Nei mesi scorsi, nel porto di Genova, una mobilitazione partita dai lavoratori del porto ha già impedito l’imbarco di materiale bellico diretto in Arabia Saudita e destinato alla guerra in Yemen. Analoghe manifestazioni a sostegno del blocco del traffico di armi si sono tenute in altri porti europei (Le Havre, Marsiglia, Anversa, ancora prima a Bilbao) contro le navi della compagnia saudita Bahri, che rifornisce d’armi e mezzi militari tutto il Medio Oriente.
I venti di guerra però non si sono fermati come dimostrano benissimo gli sviluppi drammatici legati alle guerre in Siria, al conflitto libico e all’aggressione statunitense in Iraq. Sono conflitti sanguinosi che mietono vittime giornalmente, devastano territori e spingono migliaia di persone ad abbandonare i loro paesi per emigrare. Il complesso militare industriale è tra i molti responsabili di questa escalation in combutta con governi sempre pronti ad approvare politiche di saccheggio verso le risorse naturali e a contendersi le aree del mondo.

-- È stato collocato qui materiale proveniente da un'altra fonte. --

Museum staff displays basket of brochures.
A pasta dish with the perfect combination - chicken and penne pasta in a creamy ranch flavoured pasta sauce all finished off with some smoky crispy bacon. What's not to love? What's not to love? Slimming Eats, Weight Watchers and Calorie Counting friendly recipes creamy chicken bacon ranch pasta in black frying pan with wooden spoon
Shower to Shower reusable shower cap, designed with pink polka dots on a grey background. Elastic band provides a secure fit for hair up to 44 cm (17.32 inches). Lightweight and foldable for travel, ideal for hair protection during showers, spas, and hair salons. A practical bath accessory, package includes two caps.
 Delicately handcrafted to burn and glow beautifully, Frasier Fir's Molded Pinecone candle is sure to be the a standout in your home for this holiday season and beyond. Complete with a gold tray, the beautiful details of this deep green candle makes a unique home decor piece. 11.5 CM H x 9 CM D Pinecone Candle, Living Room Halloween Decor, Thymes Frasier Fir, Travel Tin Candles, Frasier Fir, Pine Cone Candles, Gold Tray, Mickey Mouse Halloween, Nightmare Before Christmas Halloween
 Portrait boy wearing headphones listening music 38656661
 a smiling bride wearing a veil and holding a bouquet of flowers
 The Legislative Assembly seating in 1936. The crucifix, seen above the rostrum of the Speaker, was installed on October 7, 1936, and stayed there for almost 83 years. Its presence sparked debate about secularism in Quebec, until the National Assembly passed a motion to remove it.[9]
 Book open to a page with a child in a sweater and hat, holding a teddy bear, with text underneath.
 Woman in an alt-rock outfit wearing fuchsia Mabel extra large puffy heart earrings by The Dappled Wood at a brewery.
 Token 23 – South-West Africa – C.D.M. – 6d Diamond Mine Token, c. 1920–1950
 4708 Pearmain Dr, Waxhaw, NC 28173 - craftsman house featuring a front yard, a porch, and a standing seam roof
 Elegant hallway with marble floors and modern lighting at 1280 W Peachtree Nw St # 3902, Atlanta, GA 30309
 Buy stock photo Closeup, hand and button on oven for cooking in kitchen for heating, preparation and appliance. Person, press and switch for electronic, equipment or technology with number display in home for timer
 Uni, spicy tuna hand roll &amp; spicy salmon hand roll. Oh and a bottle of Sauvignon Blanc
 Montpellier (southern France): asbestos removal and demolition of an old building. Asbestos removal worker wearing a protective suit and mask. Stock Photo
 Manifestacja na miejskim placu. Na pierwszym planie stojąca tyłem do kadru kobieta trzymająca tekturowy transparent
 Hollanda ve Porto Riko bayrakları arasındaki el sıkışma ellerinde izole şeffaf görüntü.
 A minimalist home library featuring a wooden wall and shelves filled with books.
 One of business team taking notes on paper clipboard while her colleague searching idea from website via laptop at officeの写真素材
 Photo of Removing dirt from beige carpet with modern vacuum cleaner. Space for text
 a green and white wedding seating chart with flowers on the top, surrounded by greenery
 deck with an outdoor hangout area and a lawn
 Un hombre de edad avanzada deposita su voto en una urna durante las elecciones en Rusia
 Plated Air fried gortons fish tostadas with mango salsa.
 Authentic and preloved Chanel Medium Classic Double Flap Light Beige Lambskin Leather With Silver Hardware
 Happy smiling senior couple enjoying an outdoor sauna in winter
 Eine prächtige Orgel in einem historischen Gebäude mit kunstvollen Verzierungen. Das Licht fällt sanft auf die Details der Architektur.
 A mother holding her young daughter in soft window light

Trieste non è esclusa dalle ramificazioni del complesso militare-industriale:

  • Attraverso la rotta balcanica transitano migliaia di persone in fuga. Transitano proprio dove, a pochi chilometri di distanza, la Selex ES di Leonardo (ex-Finmeccanica) a Ronchi dei Legionari produce droni di spionaggio e sorveglianza, anche potenzialmente di attacco, con la possibilità di armarli di missili aria-terra. Tra i clienti di queste armi -oltre a Congo, Arabia Saudita e Frontex (agenzia impegnata nel controllo delle frontiere dell’UE)- c’è anche il Pakistan, da cui provengono oltre la metà delle richieste asilo presentate in Friuli Venezia Giulia negli ultimi anni.
  • A metà maggio 2019 una nave della Bahri Bolloré ha attraccato al porto di Monfalcone per scaricare tondini di ferro. Era carica di 360 bazooka e 415 missili anticarro ucraini destinati all’Arabia Saudita, che sta devastando lo Yemen in una guerra sanguinosa.
  • Il Porto di Trieste è invece storicamente impegnato in fitti rapporti commerciali con la Turchia di Erdogan, uno stato autoritario in perenne assetto da guerra: è coinvolto in Yemen, essendo partner della coalizione saudita; è responsabile dell’aggressione verso l’esperienza del confederalismo democratico in Rojava (Siria del Nord); è invischiato nel caos libico, anche attraverso milizie jihadiste. Nella politica interna viola arbitrariamente le libertà civili ed è noto nella persecuzione verso i richiedenti asilo e rifugiati con i finanziamenti dall’Unione Europea.
  • L’11 gennaio 2020 è partita dal Porto di Trieste la nave di tipologia Ro-Ro “UND ATILIM”, battente bandiera turca, attraccando nuovamente a Trieste il 18 gennaio dopo un itinerario tra l’Adriatico e la Grecia. Trasportava cargo HAZARD A (Major), ovvero PERICOLO A (Maggiore): presumibilmente, quindi, armamenti.
  • Il 12 gennaio era la volta di “Assos Seaways”, altra nave battente bandiera turca. Ancora al Porto di Trieste, ancora con il sospetto di imbarcare armamenti gommati.
  • Il 21 gennaio un altro attracco di una nave Ro-Ro e con cargo “Hazard A – Major”, ovvero “Pericolo A – Maggiore”, la UN INSTANBUL.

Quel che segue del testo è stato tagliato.